Sebastian: Seasonality with something like flu vaccines comes to mind, since early measurements on trends and models don’t always suffice. With predictive analytics, you unleash what-if analysis on forecast scenarios, allowing trigger points that enact alternative plans. Then, you can go to S&OP with real data and less gut instinct. Extending this example beyond the four walls of the pharma company, we would ultimately have fewer shortages in markets that need vaccines the most. Going beyond the four walls of a company, how does this differentiate and help increase shareholder value?

Patrik: Overall, this is improving the decision making process in various disciplines, resulting in faster acting to changes, higher efficiencies and productivity, to even postponing capital expenditures, so the value increase is clear to me.

Sebastian: While we’re on the topic of upstream, what benefits to the patient would predictive analytics provide?

Patrik: For the patient, if we consider the most optimized situation, we experience full availability of the product range to the customer, and therefore the cost reductions can be calculated all the way up into price reductions for the patient.

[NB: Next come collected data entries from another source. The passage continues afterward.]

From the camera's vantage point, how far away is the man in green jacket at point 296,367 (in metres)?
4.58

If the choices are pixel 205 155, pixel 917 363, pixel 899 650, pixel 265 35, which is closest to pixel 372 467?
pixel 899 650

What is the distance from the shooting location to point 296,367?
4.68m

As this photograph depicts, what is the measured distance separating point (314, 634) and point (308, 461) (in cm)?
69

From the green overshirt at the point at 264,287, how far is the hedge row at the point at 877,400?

As for the pharmacies and hospitals, I would argue they enjoy the same benefits as the patient. Specifically though, they could expect greater fulfillment levels, lower inventory cost across the chain, and higher inventory turns, reducing cost of capital. Distributors experience all the same benefits we already mentioned. But there’s an additional benefit, as distributors are the ones working most closely with pharmaceutical companies. Predictive analytics can lead to a more desirable partnership approach by providing better cooperation and value-shared decision making.

Sebastian: Those are all very tangible benefits. One example that comes to mind is that when McKesson and CVS signed their purchasing agreements, pharmaceutical companies felt a sudden decline in demand abruptly. But we all should have been able to predict it. Both companies were holding too much inventory individually before the merger, so it shouldn’t have been a surprise. The data was there, and with predictive analytics it could had been avoided. Let’s shift to discussing downstream. How about the CMOs or the API manufacturers?

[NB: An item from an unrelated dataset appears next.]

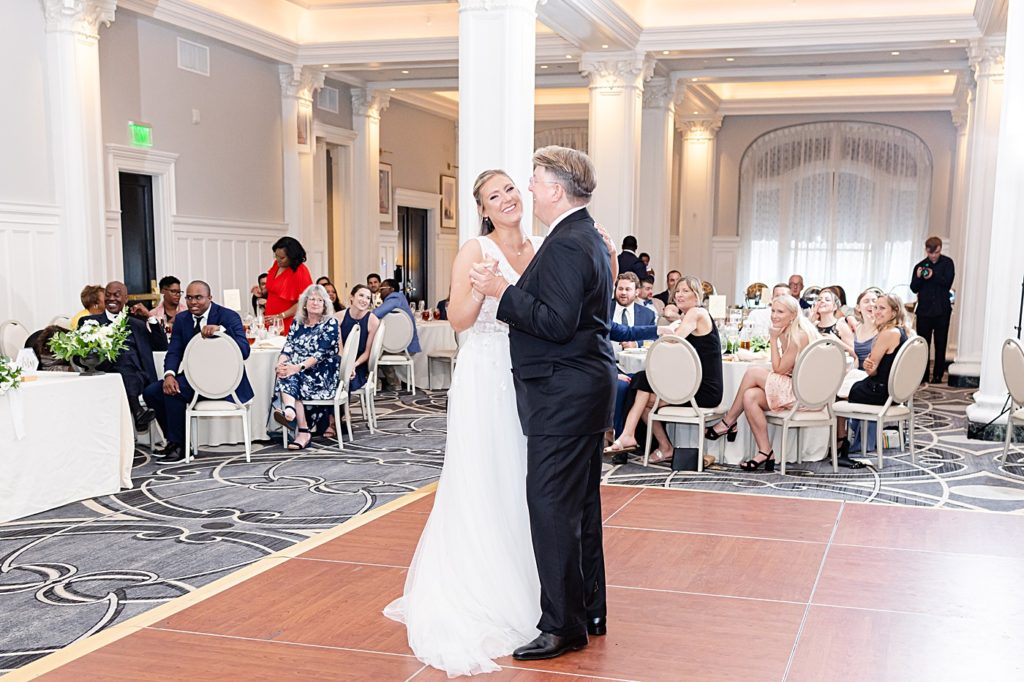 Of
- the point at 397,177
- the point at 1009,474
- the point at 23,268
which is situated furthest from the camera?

Patrik: Obviously what counts for upstream also works downstream. We have been facing way too many irregular demand patterns that lead to incredible short delivery lead-time requests. As a result, our CMO’s and other component manufacturers were driven into hectic behavior, which in turn drove our costs up. This classic example of the well-known bullwhip effect could be significantly improved when predictive analytics are applied correctly.

Sebastian: When we started using predictive analytics with CMOs or downstream with our own API manufacturers, it helped in creating long term transparency. But it was a double-edged sword. Because it gave a lot of visibility, it uncovered hidden facts – and where the water gets lower, the iceberg gets bigger.

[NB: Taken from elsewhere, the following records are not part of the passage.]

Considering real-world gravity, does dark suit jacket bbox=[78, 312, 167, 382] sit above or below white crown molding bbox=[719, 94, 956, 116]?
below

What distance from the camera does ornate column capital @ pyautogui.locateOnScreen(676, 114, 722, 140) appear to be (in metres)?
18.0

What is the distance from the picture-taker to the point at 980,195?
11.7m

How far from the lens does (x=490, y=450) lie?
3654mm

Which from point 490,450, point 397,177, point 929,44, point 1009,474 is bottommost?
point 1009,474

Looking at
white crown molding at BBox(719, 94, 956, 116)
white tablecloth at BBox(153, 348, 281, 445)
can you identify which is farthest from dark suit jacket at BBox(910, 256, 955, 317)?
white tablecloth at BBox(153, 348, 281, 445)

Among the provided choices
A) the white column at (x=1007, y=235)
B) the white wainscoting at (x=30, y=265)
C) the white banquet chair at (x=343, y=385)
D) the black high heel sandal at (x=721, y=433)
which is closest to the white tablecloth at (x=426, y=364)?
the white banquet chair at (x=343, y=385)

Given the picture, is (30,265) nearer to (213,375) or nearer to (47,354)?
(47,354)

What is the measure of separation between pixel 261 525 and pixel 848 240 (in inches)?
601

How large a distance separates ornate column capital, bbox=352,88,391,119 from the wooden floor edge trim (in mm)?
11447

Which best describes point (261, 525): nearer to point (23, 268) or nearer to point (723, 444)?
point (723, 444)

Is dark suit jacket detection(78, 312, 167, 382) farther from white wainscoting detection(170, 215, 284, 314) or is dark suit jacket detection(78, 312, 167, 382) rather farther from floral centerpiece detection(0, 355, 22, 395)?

Patrik: Exactly. And we can extend this globally to trends such as growing regulations and value-based care. Really, any trend can be brought into your predictive analytics, when done right of course, and will give you better decision making options. Ultimately, it will significantly increase speed of reaction time to outside influences.

Thank you again Patrik for providing your insights on what benefits supply chain predictive analytics can provide for the pharmaceutical industry. Stay tuned for our final post to learn how you can get started with predictive analytics at your company (Part 3).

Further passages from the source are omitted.